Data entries

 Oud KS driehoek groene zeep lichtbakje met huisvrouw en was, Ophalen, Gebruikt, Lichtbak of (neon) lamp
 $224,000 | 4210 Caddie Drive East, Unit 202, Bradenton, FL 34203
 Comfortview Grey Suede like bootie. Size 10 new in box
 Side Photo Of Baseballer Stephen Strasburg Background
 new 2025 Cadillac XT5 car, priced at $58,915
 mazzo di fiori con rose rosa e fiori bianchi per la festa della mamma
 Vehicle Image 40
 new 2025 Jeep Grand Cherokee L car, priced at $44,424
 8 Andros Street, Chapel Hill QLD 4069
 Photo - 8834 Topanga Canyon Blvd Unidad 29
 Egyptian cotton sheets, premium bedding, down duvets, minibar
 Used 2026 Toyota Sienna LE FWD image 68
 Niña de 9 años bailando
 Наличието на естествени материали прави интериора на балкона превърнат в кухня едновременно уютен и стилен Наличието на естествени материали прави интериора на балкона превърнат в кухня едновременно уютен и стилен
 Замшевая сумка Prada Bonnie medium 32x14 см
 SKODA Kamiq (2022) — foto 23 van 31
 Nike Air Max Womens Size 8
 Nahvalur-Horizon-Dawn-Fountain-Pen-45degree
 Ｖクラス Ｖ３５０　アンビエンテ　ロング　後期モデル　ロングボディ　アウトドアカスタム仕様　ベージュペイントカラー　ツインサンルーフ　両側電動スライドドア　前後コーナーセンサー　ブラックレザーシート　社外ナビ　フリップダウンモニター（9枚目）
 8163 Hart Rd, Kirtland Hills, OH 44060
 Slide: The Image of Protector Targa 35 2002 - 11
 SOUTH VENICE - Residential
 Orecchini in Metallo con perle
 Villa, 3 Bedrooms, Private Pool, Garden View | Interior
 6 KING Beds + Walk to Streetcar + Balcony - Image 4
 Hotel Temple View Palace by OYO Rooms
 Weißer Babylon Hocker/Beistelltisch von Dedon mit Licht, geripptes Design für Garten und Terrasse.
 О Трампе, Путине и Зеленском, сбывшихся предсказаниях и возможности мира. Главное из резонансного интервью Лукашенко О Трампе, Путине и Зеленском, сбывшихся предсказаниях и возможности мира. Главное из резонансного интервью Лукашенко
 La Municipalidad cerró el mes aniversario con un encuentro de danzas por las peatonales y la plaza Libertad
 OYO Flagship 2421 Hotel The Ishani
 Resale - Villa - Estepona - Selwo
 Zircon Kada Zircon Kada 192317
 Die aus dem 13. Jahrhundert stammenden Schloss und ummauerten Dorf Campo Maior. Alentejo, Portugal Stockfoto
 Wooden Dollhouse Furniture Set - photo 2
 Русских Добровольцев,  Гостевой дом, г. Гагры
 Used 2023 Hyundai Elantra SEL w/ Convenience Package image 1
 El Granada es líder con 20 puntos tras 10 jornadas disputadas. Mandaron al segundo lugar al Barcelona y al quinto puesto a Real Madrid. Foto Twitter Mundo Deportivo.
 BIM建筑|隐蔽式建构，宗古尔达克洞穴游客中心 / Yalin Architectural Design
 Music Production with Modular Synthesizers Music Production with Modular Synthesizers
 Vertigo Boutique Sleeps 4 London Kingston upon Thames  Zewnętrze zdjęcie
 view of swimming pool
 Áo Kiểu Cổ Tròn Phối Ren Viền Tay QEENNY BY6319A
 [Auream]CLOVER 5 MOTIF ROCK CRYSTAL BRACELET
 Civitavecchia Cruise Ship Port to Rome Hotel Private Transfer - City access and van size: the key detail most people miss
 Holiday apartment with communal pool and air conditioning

== Work request ==
The complete data above is to be written out again as it stands.

== Finished exercise ==
 Oud KS driehoek groene zeep lichtbakje met huisvrouw en was, Ophalen, Gebruikt, Lichtbak of (neon) lamp
 $224,000 | 4210 Caddie Drive East, Unit 202, Bradenton, FL 34203
 Comfortview Grey Suede like bootie. Size 10 new in box
 Side Photo Of Baseballer Stephen Strasburg Background
 new 2025 Cadillac XT5 car, priced at $58,915
 mazzo di fiori con rose rosa e fiori bianchi per la festa della mamma
 Vehicle Image 40
 new 2025 Jeep Grand Cherokee L car, priced at $44,424
 8 Andros Street, Chapel Hill QLD 4069
 Photo - 8834 Topanga Canyon Blvd Unidad 29
 Egyptian cotton sheets, premium bedding, down duvets, minibar
 Used 2026 Toyota Sienna LE FWD image 68
 Niña de 9 años bailando
 Наличието на естествени материали прави интериора на балкона превърнат в кухня едновременно уютен и стилен Наличието на естествени материали прави интериора на балкона превърнат в кухня едновременно уютен и стилен
 Замшевая сумка Prada Bonnie medium 32x14 см
 SKODA Kamiq (2022) — foto 23 van 31
 Nike Air Max Womens Size 8
 Nahvalur-Horizon-Dawn-Fountain-Pen-45degree
 Ｖクラス Ｖ３５０　アンビエンテ　ロング　後期モデル　ロングボディ　アウトドアカスタム仕様　ベージュペイントカラー　ツインサンルーフ　両側電動スライドドア　前後コーナーセンサー　ブラックレザーシート　社外ナビ　フリップダウンモニター（9枚目）
 8163 Hart Rd, Kirtland Hills, OH 44060
 Slide: The Image of Protector Targa 35 2002 - 11
 SOUTH VENICE - Residential
 Orecchini in Metallo con perle
 Villa, 3 Bedrooms, Private Pool, Garden View | Interior
 6 KING Beds + Walk to Streetcar + Balcony - Image 4
 Hotel Temple View Palace by OYO Rooms
 Weißer Babylon Hocker/Beistelltisch von Dedon mit Licht, geripptes Design für Garten und Terrasse.
 О Трампе, Путине и Зеленском, сбывшихся предсказаниях и возможности мира. Главное из резонансного интервью Лукашенко О Трампе, Путине и Зеленском, сбывшихся предсказаниях и возможности мира. Главное из резонансного интервью Лукашенко
 La Municipalidad cerró el mes aniversario con un encuentro de danzas por las peatonales y la plaza Libertad
 OYO Flagship 2421 Hotel The Ishani
 Resale - Villa - Estepona - Selwo
 Zircon Kada Zircon Kada 192317
 Die aus dem 13. Jahrhundert stammenden Schloss und ummauerten Dorf Campo Maior. Alentejo, Portugal Stockfoto
 Wooden Dollhouse Furniture Set - photo 2
 Русских Добровольцев,  Гостевой дом, г. Гагры
 Used 2023 Hyundai Elantra SEL w/ Convenience Package image 1
 El Granada es líder con 20 puntos tras 10 jornadas disputadas. Mandaron al segundo lugar al Barcelona y al quinto puesto a Real Madrid. Foto Twitter Mundo Deportivo.
 BIM建筑|隐蔽式建构，宗古尔达克洞穴游客中心 / Yalin Architectural Design
 Music Production with Modular Synthesizers Music Production with Modular Synthesizers
 Vertigo Boutique Sleeps 4 London Kingston upon Thames  Zewnętrze zdjęcie
 view of swimming pool
 Áo Kiểu Cổ Tròn Phối Ren Viền Tay QEENNY BY6319A
 [Auream]CLOVER 5 MOTIF ROCK CRYSTAL BRACELET
 Civitavecchia Cruise Ship Port to Rome Hotel Private Transfer - City access and van size: the key detail most people miss
 Holiday apartment with communal pool and air conditioning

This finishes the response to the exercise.